I won’t dwell on this idea for too long, but basically, our media environment has restored the logically rudderless and agglomerative thought processes of pre-literate tribes and bands while also preserving the tendency for abstract, disincarnate considerations (e.g. morality, ideology, maybe even metaphysics) to form the basis of tribal identity. This means that some information, typically taking the form of an instructive story, will travel much like folklore does but with big-budget media presentations sometimes marking new versions of the story from which oral accounts can deviate further. In preliterate times, folklore was largely amoral and only contained the seeds of metaphysics, but today’s folklore is often fueled by a kind of ideological zeal that one only finds in literate communities.

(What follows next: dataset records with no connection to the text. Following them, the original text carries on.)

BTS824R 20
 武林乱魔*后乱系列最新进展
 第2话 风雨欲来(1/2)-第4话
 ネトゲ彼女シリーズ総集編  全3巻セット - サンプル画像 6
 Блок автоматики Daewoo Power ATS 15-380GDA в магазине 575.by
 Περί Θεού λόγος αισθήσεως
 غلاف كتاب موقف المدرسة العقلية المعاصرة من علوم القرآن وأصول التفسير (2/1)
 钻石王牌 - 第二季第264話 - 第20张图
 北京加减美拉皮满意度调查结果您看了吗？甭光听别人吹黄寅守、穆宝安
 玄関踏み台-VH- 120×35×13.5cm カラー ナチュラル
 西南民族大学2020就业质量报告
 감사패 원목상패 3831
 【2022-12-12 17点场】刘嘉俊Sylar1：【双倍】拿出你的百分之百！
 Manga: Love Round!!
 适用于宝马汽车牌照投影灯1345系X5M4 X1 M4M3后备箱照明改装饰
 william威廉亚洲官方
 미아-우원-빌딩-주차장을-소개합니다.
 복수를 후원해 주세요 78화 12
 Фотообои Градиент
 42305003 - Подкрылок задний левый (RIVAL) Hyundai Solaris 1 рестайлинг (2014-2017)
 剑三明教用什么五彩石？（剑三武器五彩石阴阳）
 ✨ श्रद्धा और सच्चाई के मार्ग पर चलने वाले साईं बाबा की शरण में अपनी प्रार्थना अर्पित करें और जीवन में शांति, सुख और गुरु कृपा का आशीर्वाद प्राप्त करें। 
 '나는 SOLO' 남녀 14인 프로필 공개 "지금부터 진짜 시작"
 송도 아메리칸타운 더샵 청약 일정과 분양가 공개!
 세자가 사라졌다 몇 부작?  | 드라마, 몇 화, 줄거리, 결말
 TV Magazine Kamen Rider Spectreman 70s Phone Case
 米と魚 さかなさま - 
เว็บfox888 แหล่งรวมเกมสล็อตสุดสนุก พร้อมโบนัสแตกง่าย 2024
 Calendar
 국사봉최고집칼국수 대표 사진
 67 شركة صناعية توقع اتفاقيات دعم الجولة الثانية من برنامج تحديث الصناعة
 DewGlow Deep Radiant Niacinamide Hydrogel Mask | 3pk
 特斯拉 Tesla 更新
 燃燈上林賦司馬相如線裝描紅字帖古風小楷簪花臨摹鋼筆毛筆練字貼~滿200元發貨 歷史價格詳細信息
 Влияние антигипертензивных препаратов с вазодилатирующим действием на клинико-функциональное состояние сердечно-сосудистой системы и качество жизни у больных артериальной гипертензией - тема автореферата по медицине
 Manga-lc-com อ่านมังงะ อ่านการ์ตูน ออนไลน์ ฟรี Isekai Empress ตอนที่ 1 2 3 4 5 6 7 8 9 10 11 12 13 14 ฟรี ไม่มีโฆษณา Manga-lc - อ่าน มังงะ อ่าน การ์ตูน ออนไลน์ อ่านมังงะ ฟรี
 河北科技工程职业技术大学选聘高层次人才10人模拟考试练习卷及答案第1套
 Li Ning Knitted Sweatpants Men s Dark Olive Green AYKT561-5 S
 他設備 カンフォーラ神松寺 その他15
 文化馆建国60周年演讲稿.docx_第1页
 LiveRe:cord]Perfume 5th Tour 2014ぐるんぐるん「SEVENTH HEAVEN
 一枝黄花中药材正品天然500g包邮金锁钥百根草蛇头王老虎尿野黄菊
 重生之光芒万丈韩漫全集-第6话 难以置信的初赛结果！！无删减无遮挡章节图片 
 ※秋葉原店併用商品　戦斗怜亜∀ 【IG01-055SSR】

This phenomenon I’m describing is not necessarily internet-based, either, though the internet has exaggerated the tendency in question (think of something like QAnon). The example I’ve chosen serves to demonstrate that this sort of process was going on before internet usage was common. It’s also necessary to note that what I’m describing isn’t simply a re-adaptation of an old folk tale done to produce timely propaganda, like Tex Avery’s Blitz Wolf using the Three Little Pigs to encourage citizens to buy war bonds. That sort of thing (which actually was quite common in Soviet Russia) is described by historians as pseudo-folklore, since it never was transmitted organically from person to person in an impactful way. What I’m describing typically involves original stories with some resemblance to an event that actually happened, and with each retelling, the events grew increasingly distorted from the original account even while its moral message has stayed consistent. At the end of my study, I’ll try to venture a few rules of thumb for how modern metapolitical folklore functions. But for a couple weeks, you’ll have to bear with me as I pick apart a fairly ridiculous story that people genuinely felt (and still feel) conveys a legitimate psychological and/or moral truth.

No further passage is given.